For decades, South Koreans fought for democracy, sometimes at risk to their lives. Police, who pandered to the authoritarian governments, quelled protests, claiming that the demonstrators were threatening national security. Incensed by the violence of the police, more citizens resisted. University students led most of the protests, hoping that South Korea could establish a functioning democracy.

Again, South Korean students have started to call for democracy, but this time for Hong Kong, not their own country. Demonstrations for Hong Kong, started by local civic groups and Hongkongers residing in South Korea, are now spreading to universities. This has led to conflicts between Korean and Chinese students in universities across South Korea.

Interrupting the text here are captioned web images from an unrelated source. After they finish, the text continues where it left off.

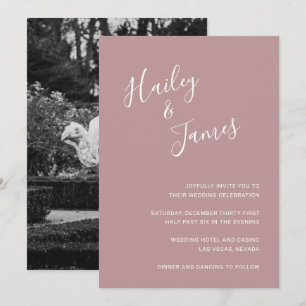 Invitation Elégant Dusty Rose Photo Mariage moderne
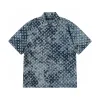 Hochwertiges Louis Vuitton Kurzarmhemd Blue Denim Print Luxus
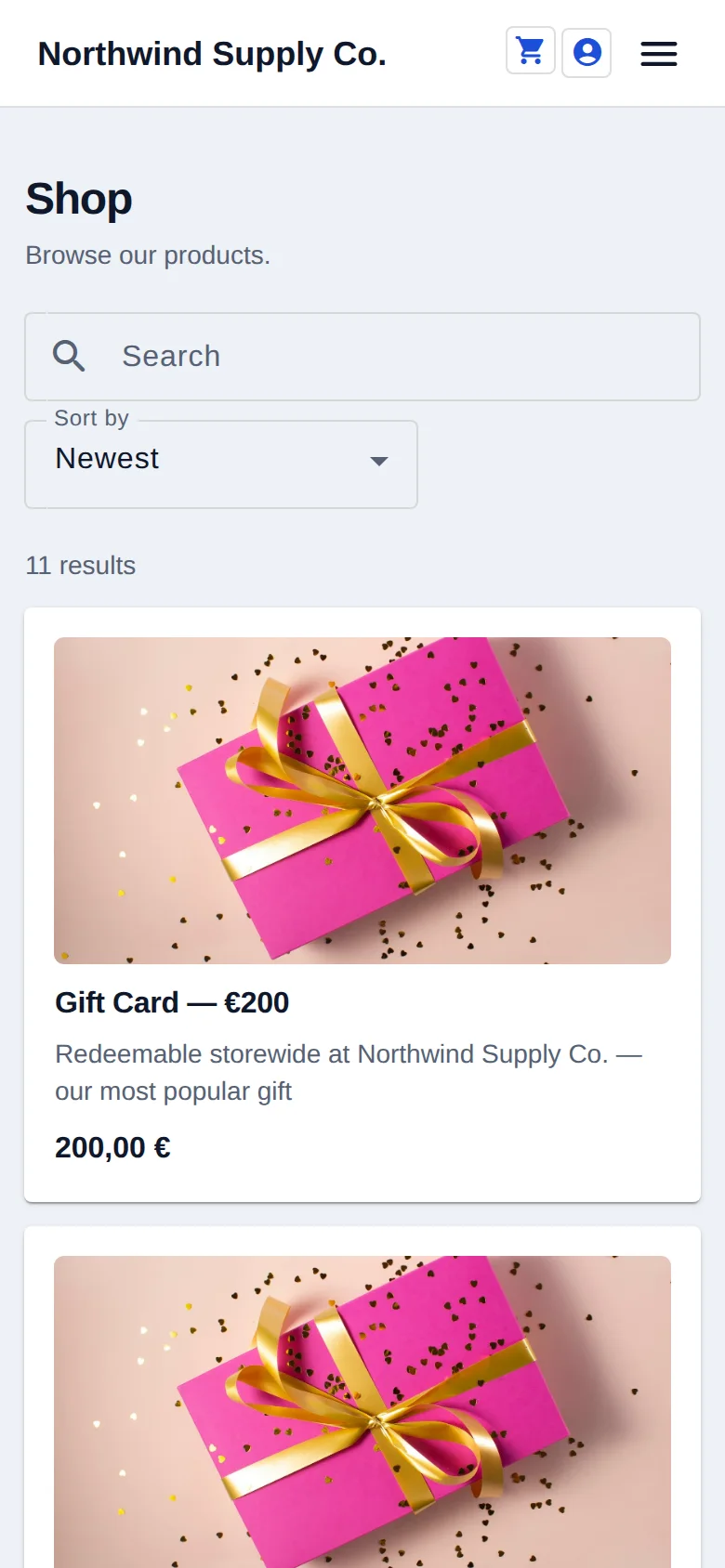 The same product listing page on a phone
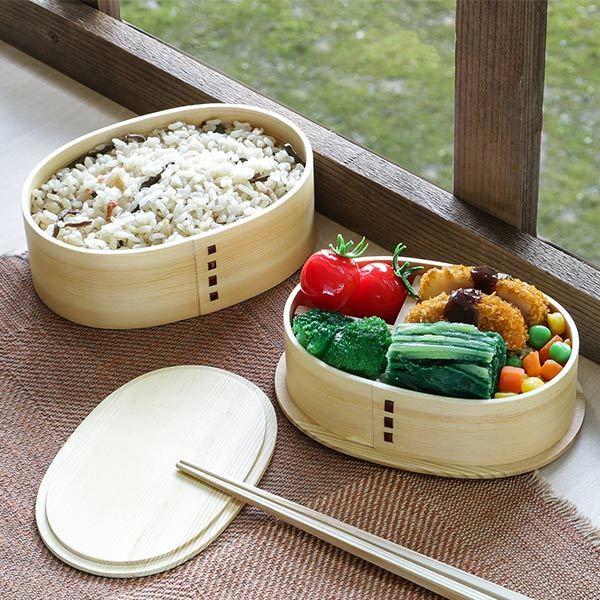 未使用 曲げわっぱ　重箱　行楽弁当　弁当箱　入れ子　脱プラ 弁当箱 曲げわっぱ 2段 800ml 小判型 入れ子 （ 木製 ランチボックス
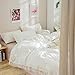 Softta Boho Twin XL Size 3Pcs Duvet Cover Set (1 Duvet Cover +2 Pillowcases) White Tassel Bedding Set Bohemian 100% Washed Cotton Beddings Luxury Elegant White Quilt Covers Set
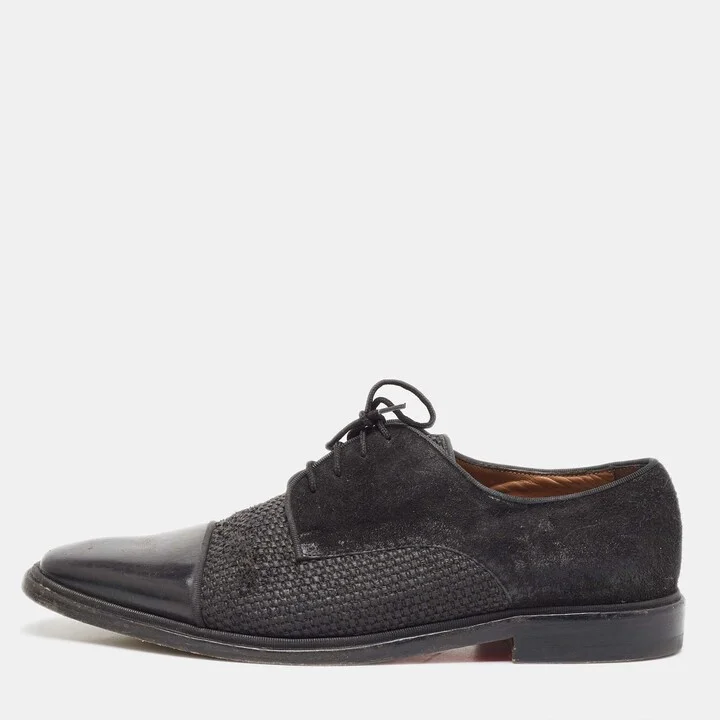 Christian Louboutin Black Suede Leather and Woven Raffia Greggo Cap Top Lace Derby Size 41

South Korean students have hung banners saying “Free Hong Kong” and “Liberation for Hong Kong.” Most universities in Seoul have set up “Lennon Walls,” featuring memos favoring Hong Kong’s democracy and deploring violence committed by Hong Kong police. Chinese students in South Korea, however, have expressed their frustrations against Koreans.

On the Lennon Walls, Chinese students have written messages criticizing Hong Kong protesters for provoking violence across the city. Some Chinese students have disturbed Korean students trying to hang banners supporting Hongkongers. They have even damaged some Lennon Walls, tearing down banners.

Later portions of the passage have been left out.